Ceremonial Technologies

In Ceremonial Technologies artist Jorge Mañes Rubio continues to explore an enigmatic new material language. Common items most of us can find at home (a chair, a plate, a bowl) are completely reimagined, carefully shaped by hand and painstakingly decorated with thousands of colourful glass beads. By getting entangled in the making process, letting materials, shapes and colours find their own rhythm and purpose, the artist explores the role that materiality plays in the negotiation and production of knowledge, myths and spaces.

These shape-shifting entities embrace a circular/mythical conception of time, a realm where power is felt as free-flowing around us in perpetual circulation: a world where past, present and future can happen at the same time, forever linked through objects, peoples and places. Each work features a constellation of symbols, complex images and multi-layered stories, as if coming from an intangible, dream-like dimension. Equally enigmatic and appealing, Ceremonial Technologies seem to remind us about our co-existence with non-human entities and the possibility of inhabiting imagined realms as if they were real, suggesting alternatives to established systems of representation, power and exploitation.

We Can Feel Right Through You.
From the series Ceremonial Technologies, 2023.
Wood, clay, plaster, gesso, marble powder, beeswax, glass beads.
58x23x26cm

“Part object, part creature(s). We Can Feel Right Through You is about vulnerability, about interspecies navigation, multinatural worldviews and fluid transformations. We Can Feel Right Through You is about visions becoming so crystal clear that we learn to see through our bodies, our organs, our bones.”

 

I Hope You Can See the Stars In Me
From the series Ceremonial Technologies, 2022.
Clay, glass beads, nylon thread, cotton thread, dumortierite, green aventurine.
33x31x7cm

“’I Hope You Can See the Stars In Me’ depicts two primordial characters in Iberian mythology. The snake as symbol of renewal, immortality and rebirth. The wolf representing courage, cooperation and protection.”

 

Show Me That You Care.
From the series ‘Ceremonial Technologies’, 2023.
Wood, paper pulp, clay, plaster, gesso, marble powder, beeswax, glass beads and polyester thread.
32x38x100cm.

In ‘Show Me That You Care’, Mañes Rubio takes the traditional Andalusian chair to new heights, transforming it into a mythical throne. This unique piece has been decorated with a multitude of intriguing creatures and symbols. The chair has its own feet, as if proclaiming its own nature. Beaded on the backrest, a delicious melon has been split open, reminiscing of a waning crescent moon, while a pair of eyes watch us attentively. On the back, a human face with golden eyes and tongue, framed in a powerful aura, delivers what could be a sacred message, their hands embracing a mystical force. The chair’s seat imitates the traditional Andalusian rope bottoms, but using a rich arrangement of glass beads in color-block patterns instead.

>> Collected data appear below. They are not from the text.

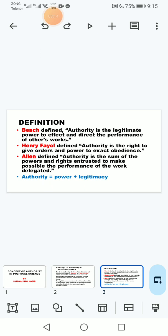According to one definition, authority is the legitimate power to affect and direct the performance of others' work. As mentioned earlier, the difference between authority and power is that authority is always legitimate — it is that power which is legitimate, backed by rules and regulations. When a task is assigned to someone, the direction given to perform that task, or the influence exercised over it, is what constitutes authority.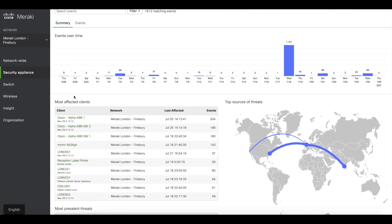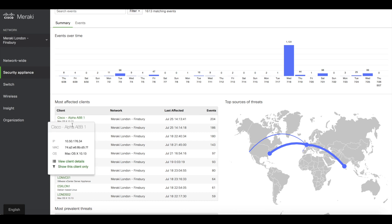But one thing I may want to take action on is noticing that this client at the top of my most affected clients list has experienced 204 security events over the last few weeks. I want to ban this client from the network and try to figure out what's going on with that particular device.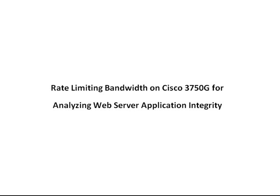When today's web applications are written, they're mainly suited for modern broadband speeds, but what happens when someone in a third world country tries to access a website on a 56k modem? Well, with Cisco QoS Policers, you can easily simulate these slower bandwidth speeds.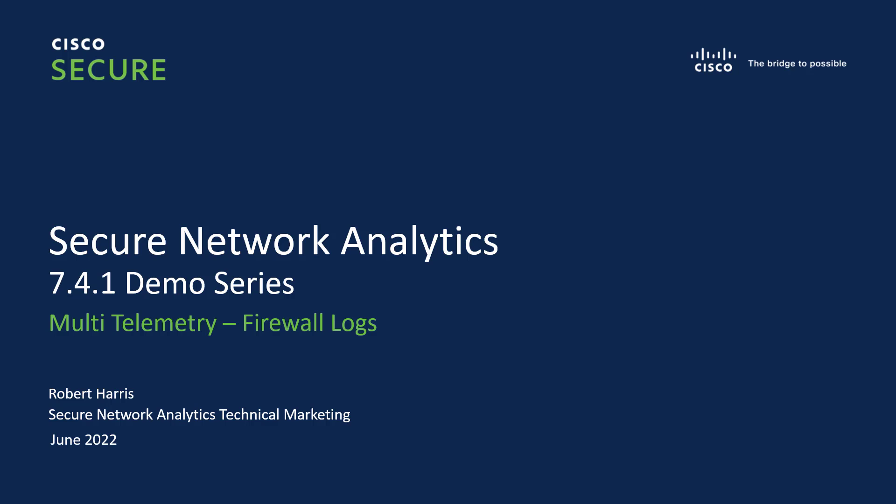Welcome to the Secure Network Analytics version 7.4.1 demo series. Today we're going to be talking about firewall logs under multi-telemetry. This series is presented by the Secure Network Analytics Technical Marketing Engineering team, and my name is Robert Harris.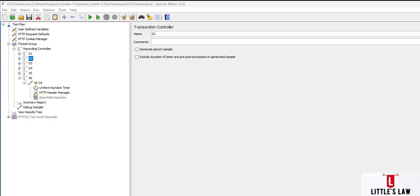Hi, hello and welcome back to another episode on LittlesLaw YouTube channel. So far we have discussed a lot of topics on performance testing and performance engineering related to NeoLoad, JMeter, LoadRunner, and even GitHub. In this video we are going to see about the response assertions with multiple examples.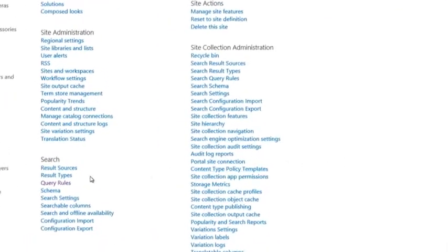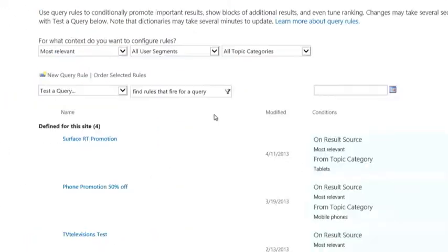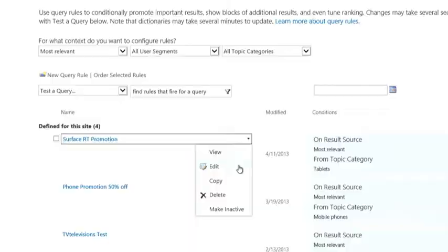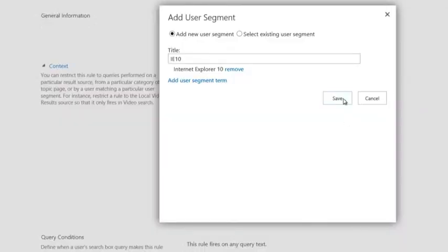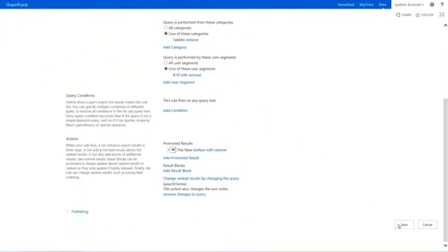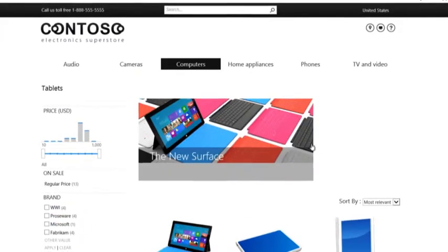Simply open Query Rules and select a product. Click Save and then check the product page to see the differences.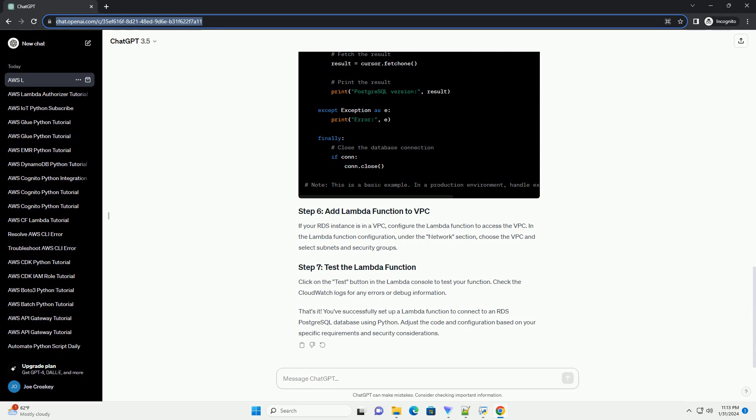Check the CloudWatch logs for any errors or debug information. That's it. You've successfully set up a Lambda function to connect to an RDS PostgreSQL database using Python. Adjust the code and configuration based on your specific requirements and security considerations.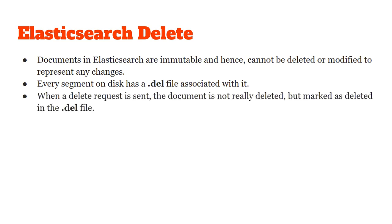Whenever we send a delete request to Elasticsearch the document is not actually deleted from memory but it is just marked as deleted in the .del file.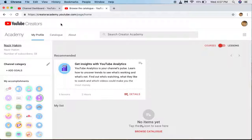What's up everyone, welcome to Ziplex. In this video I'm going to be teaching you about how you can learn about YouTube. Many a time people watch videos of others on YouTube but they don't know that YouTube itself has created some courses.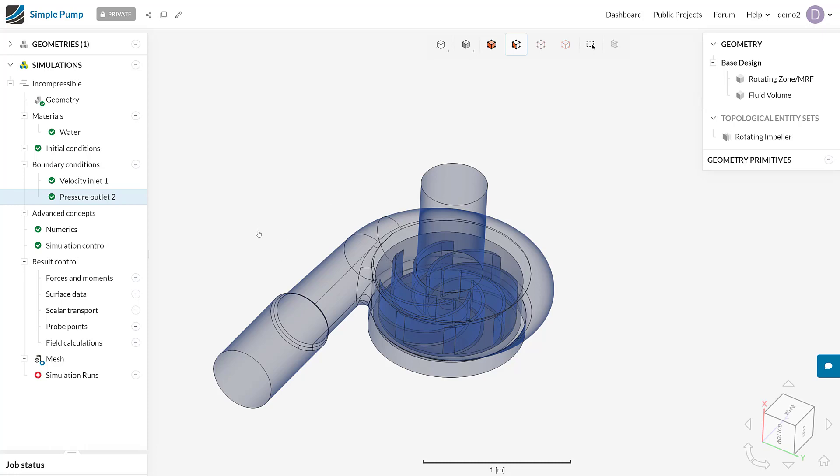To do this, we can come down to the result controls under surface data, and we can see that we've actually got two options here. Firstly, the area average, and secondly, the area integral. Area average is of course what we're after to find the pressure drop, but it's important to note at this stage that if you wanted to find the area integral, that could be the flow rate, for example, over a boundary. So if this case was instead set up with two pressure conditions, an inlet pressure and an outlet pressure, we could find what the flow rate is by using an area integral. But since we know it already, we're going to just concentrate on the area average result control.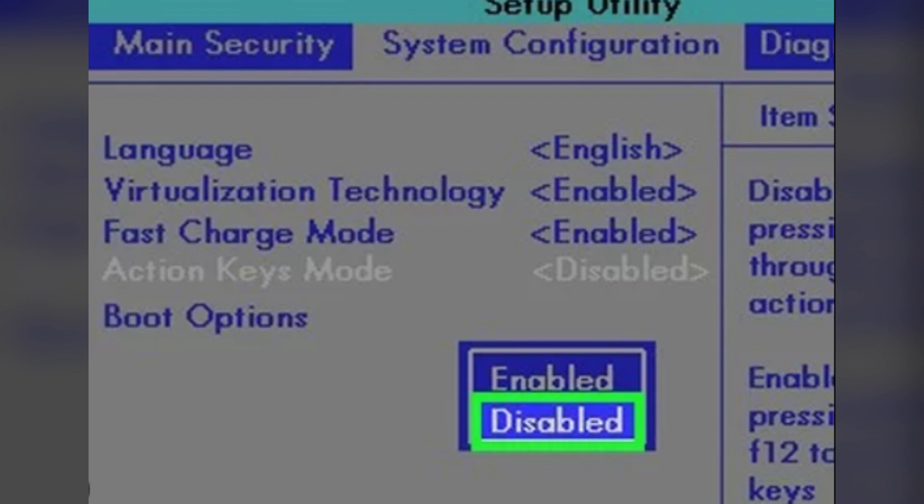Choose enable or disable depending on whether you want to use the function key with or without pressing the FN key. Save the change and exit the BIOS.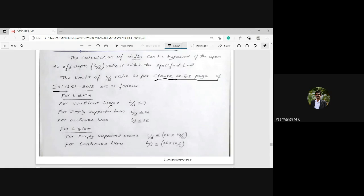These are all the concepts you need to understand while solving problems on deflection of a PSC member. This completes the theory part. With this background, we will proceed with various deflection calculation problems in the next session. Thank you for joining.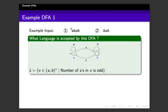In the first input there are two A's — two is even, so it is rejected. And the second input contains one A — one is odd, so it is accepted. So at least for these two inputs, the claim is correct. Now the question is: is the claim correct for an arbitrary input? To understand or to answer that question, we need to understand how this DFA works.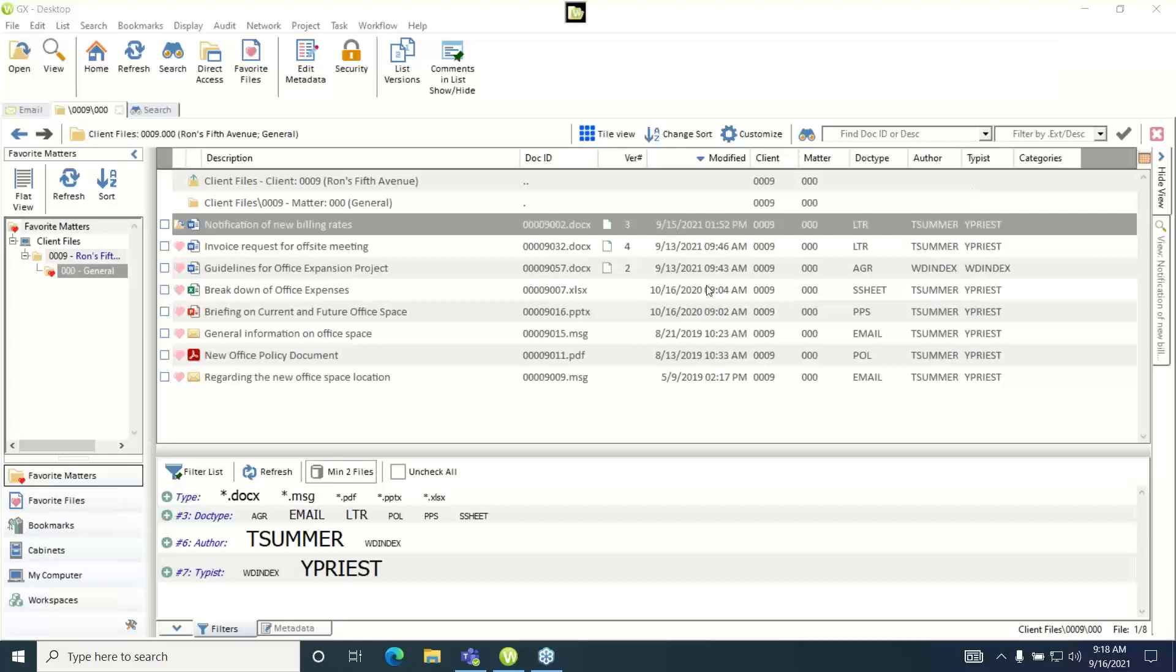In this video I'd like to cover how you run a simple audit trail query on an existing file in WorldDocs.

The chair’s frame, finished in a smooth marble-like surface, serves as a whimsical landscape where wolves, bears and ancestral entities seem to dance together in a captivating dream. Four beings at the front and back act as ritual operators, channelling the force of the animals their masks represent: bear, wolf, fish and bird; underworld, earth, water and sky. At the top, overlooking this miniature altar, two votive figures hold small doves in an act of ritual offering. With this work the artist envisions the home as a mythical space, conveying a powerful message of protection and transformation.

 

One Hundred Thousand Times Forever.
From the series Ceremonial Technologies, 2022.
Unfired clay, acrylic, hair extensions, quartz.
87 x 47 x 10cm

“Jorge Mañes Rubio is interested in ancestral notions of objects being embedded with a spiritual power. He explores if this potential can be harnessed today through contemporary meanings and materials. In this object carefully crafted in black clay, power is represented by a bright pink hair extension flowing out of a portal guarded by two ibex, two vultures, two deers and an anthropomorphic Iberian lynx with a talisman on its chest. With this work Mañes Rubio hopes to evoke reflections on the renovation of life, the fluidity and permeability between different worlds, and the larger-than-human dimension that defines our very existence.”

 

Where Do We Go From Here?
From the series Ceremonial Technologies, 2021.
Unfired clay, acrylic, hair extensions.